- BRIEF: Given the records below, would you repeat exactly the lines that begin at the one containing "[아마존베스트]Cuisinart BFP-650GM Velocity" and end at the one containing "thumbnail image 3", inclusive?

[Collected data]
• • •
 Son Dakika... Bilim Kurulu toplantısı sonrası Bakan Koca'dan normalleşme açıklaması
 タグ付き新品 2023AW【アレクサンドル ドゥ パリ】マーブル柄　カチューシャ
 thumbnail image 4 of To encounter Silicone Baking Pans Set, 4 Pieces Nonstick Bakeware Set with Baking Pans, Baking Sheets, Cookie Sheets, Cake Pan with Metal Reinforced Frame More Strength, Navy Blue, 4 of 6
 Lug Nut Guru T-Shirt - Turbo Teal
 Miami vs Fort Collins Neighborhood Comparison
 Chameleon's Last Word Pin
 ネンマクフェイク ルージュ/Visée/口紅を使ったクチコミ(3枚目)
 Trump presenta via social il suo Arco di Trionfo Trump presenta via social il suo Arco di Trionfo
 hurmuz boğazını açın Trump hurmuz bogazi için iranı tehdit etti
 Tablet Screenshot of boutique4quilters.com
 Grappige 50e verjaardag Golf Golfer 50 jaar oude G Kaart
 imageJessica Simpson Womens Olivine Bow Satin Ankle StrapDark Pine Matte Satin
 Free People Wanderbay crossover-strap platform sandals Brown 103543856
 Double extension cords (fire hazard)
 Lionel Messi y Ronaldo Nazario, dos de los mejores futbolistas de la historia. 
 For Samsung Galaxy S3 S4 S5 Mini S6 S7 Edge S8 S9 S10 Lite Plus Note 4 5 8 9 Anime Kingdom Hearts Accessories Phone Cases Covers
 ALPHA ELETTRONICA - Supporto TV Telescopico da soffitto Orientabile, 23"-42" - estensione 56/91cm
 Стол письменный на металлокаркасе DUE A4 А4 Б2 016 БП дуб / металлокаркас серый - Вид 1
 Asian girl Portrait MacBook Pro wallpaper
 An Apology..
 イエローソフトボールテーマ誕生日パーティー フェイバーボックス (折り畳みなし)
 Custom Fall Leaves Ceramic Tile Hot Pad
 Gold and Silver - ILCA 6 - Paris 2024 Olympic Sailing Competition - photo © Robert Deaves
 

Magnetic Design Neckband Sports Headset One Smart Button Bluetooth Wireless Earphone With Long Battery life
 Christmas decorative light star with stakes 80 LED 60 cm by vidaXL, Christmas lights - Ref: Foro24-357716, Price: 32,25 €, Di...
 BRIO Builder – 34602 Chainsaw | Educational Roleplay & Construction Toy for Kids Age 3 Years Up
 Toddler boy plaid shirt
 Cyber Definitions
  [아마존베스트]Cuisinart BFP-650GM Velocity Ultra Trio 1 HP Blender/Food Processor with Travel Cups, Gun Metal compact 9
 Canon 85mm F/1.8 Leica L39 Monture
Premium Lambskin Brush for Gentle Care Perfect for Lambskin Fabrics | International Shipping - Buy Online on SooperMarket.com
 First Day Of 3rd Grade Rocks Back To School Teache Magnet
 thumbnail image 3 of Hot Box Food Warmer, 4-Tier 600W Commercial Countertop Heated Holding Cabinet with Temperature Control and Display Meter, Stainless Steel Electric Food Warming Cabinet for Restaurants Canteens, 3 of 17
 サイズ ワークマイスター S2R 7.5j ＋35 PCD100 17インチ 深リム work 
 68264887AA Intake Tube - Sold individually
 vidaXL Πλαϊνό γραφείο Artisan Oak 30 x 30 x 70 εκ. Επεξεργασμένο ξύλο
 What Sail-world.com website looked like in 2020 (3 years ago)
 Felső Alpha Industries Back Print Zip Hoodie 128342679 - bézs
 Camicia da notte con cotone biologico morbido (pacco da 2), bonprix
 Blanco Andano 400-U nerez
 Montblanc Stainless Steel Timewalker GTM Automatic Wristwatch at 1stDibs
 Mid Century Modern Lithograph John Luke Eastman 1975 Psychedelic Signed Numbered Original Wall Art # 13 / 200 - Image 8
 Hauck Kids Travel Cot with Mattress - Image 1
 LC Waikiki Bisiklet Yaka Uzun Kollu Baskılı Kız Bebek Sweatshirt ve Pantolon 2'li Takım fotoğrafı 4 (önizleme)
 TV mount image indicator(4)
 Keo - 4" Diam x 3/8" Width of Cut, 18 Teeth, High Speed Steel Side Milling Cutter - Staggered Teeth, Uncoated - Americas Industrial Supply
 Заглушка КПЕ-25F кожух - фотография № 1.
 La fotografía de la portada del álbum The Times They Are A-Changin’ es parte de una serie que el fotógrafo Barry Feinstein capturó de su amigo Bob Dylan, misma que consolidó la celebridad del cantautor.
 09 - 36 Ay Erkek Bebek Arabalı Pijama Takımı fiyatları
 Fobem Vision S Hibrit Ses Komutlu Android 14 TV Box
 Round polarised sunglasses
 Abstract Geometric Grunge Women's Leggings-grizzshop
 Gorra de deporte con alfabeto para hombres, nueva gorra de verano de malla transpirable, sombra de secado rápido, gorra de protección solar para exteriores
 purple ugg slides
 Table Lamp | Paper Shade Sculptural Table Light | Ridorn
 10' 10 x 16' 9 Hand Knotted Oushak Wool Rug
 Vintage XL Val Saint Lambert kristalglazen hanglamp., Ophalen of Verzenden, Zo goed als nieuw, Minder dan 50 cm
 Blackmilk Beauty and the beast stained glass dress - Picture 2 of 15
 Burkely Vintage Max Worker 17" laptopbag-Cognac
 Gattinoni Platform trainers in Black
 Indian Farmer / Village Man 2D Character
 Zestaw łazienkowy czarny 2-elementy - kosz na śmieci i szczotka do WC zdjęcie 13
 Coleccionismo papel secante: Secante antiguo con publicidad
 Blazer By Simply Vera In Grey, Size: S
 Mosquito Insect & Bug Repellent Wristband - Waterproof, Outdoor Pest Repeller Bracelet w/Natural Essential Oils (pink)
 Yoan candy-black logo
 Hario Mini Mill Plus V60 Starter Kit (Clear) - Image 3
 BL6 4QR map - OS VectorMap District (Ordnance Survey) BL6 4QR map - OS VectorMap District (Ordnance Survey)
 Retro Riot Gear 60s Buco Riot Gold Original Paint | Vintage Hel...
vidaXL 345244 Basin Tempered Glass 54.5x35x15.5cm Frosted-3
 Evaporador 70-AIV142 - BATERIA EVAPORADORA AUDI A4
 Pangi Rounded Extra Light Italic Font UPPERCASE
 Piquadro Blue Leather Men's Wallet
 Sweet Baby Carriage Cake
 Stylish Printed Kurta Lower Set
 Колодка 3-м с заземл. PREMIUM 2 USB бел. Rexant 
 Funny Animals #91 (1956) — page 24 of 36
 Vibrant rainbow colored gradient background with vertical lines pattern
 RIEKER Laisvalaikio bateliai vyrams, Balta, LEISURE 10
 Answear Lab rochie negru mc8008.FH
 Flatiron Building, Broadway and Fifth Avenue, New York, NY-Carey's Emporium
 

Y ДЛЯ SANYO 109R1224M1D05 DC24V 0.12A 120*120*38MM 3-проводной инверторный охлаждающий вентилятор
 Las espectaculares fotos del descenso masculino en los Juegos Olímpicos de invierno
• • •
- RESPONSE FOR THIS EXERCISE:
  [아마존베스트]Cuisinart BFP-650GM Velocity Ultra Trio 1 HP Blender/Food Processor with Travel Cups, Gun Metal compact 9
 Canon 85mm F/1.8 Leica L39 Monture
Premium Lambskin Brush for Gentle Care Perfect for Lambskin Fabrics | International Shipping - Buy Online on SooperMarket.com
 First Day Of 3rd Grade Rocks Back To School Teache Magnet
 thumbnail image 3 of Hot Box Food Warmer, 4-Tier 600W Commercial Countertop Heated Holding Cabinet with Temperature Control and Display Meter, Stainless Steel Electric Food Warming Cabinet for Restaurants Canteens, 3 of 17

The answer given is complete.